Родовые сны | страница 59
- Где Се-ре-ега-а?
Отца не было, тогда дядя Боря зашел в комнату, закрыл дверь, поставил чайник, пиалу и стал мне рассказывать про свою жизнь. А я-то был тогда школьником, заканчивал десятый класс, мальчишка, по сути дела.
- Меня вот за границу не пускают, думают, я себя вести не умею. Ух, эти чино-овники-и...
Позади были уже такие фильмы, как "Трактористы", "Два бойца", "Падение Берлина". Андреев уже давно был национальным героем, любимцем, вошедшим в каждую семью, безусловной знаковой фигурой, олицетворяющей русскую мощь и русское благородство, символом воина-победителя - и вдруг его так обижают. А он беззащитен и бесправен.
Стал Борис Федорович рассказывать, как "во-от эти чино-овники-и" куда-то все ездят и ездят, а его не берут, гадости пишут... Он понимал, что последний его поступок зачеркнет в его биографии очень многое. Да так оно и вышло. Репрессии посыпались мгновенно. Андреева решили исключить из партии, снять с роли. Как приятно было пигмеям попрыгать на костях этого великана, унизить его, бесконечно выясняя подробности. И вот в предчувствии всех этих бед Борис Федорович решил идти до конца.
Он рассказывал мне о себе и жаловался, обращаясь, конечно же, не ко мне, а к отцу.
- Вот Сере-ега-а поймет, понимаешь, как они со мной обращаются... Что же это такое? Что я им, шмендрик какой, что ли?
Прихлебывая из пиалушки свой зеленый напиток, он рассказывал мне о своем детстве в Самаре. Как его там обижали. Как приговорили к расстрелу за то, что побил какого-то помощника Берии, который стал к нему примазываться в ресторане "Москва".
Это была удивительная исповедь со слезами на глазах.
Потом приехал отец. Надо было спасать ситуацию. Конечно, начальство над дядей Борей поизмывалось вдосталь, но с роли снять не смогло. Это был первый советский широкоэкранный фильм, три четверти картины уже было сделано.
После того случая отношения у отца и Бориса Федоровича стали особенно искренними и доверительными. Горько было видеть, как выживали Бориса Федоровича из Союза кинематографистов всякие ловкие люди. Он не вписывался в эту организацию, своего рода чиновничью массовку. Бориса Федоровича интересовали психология творчества, процессы, происходящие в душе художника, учение Павлова.
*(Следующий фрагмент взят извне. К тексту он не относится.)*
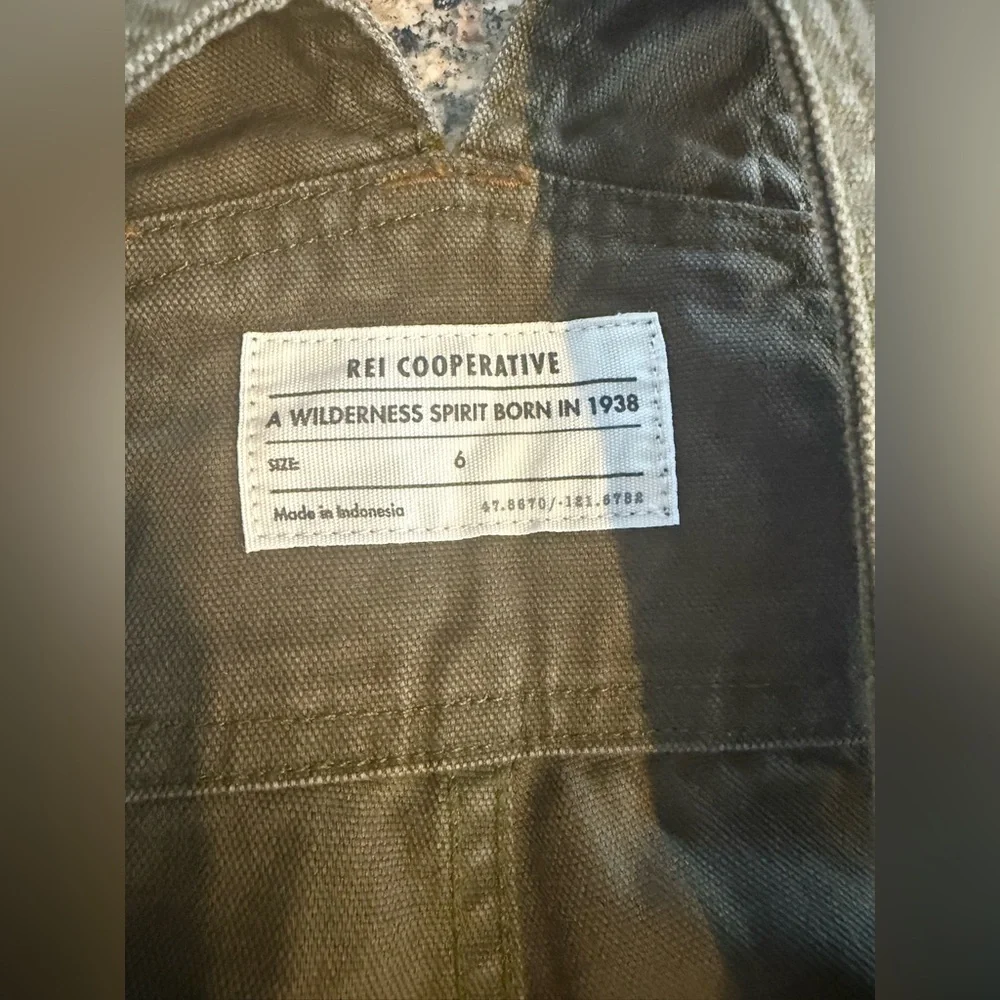 Rei women’s trailsmith overalls size 6 nwt - Picture 9 of 15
Однажды на собрании он вышел, огромный, тяжеловесный, и сказал:
- Я как завод, как станок, нужный государству, я простаиваю. Я прошу госзаказ! Я прошу - дайте мне работу!
Но это было воспринято с хихиканьем: выжил из ума. Ерничали чиновники, издевались над ним и в глаза и за глаза. Когда он пришел в президиум в знак протеста в рубашке с коротким рукавом, в президиуме обрадовались: действительно, что-то с головой - не понимает, что нужно в галстуке.